Dataset items
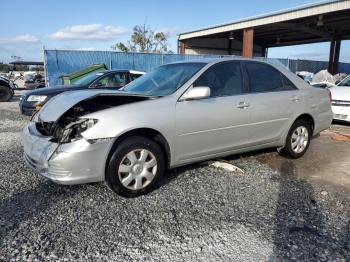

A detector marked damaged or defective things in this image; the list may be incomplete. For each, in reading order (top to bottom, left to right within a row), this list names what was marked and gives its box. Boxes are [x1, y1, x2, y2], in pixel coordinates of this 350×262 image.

crushed bumper [21, 122, 113, 184]
cracked headlight [60, 118, 98, 143]
damaged hood [37, 89, 123, 122]
front-end damage [22, 92, 153, 184]
wrecked sedan [21, 58, 334, 195]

TO DO >> The records above should be written out in full and unchanged, except that pictures are dropped.

SOLUTION TO THE EXERCISE >>
A detector marked damaged or defective things in this image; the list may be incomplete. For each, in reading order (top to bottom, left to right within a row), this list names what was marked and gives its box. Boxes are [x1, y1, x2, y2], in pixel coordinates of this 350×262 image.

crushed bumper [21, 122, 113, 184]
cracked headlight [60, 118, 98, 143]
damaged hood [37, 89, 123, 122]
front-end damage [22, 92, 153, 184]
wrecked sedan [21, 58, 334, 195]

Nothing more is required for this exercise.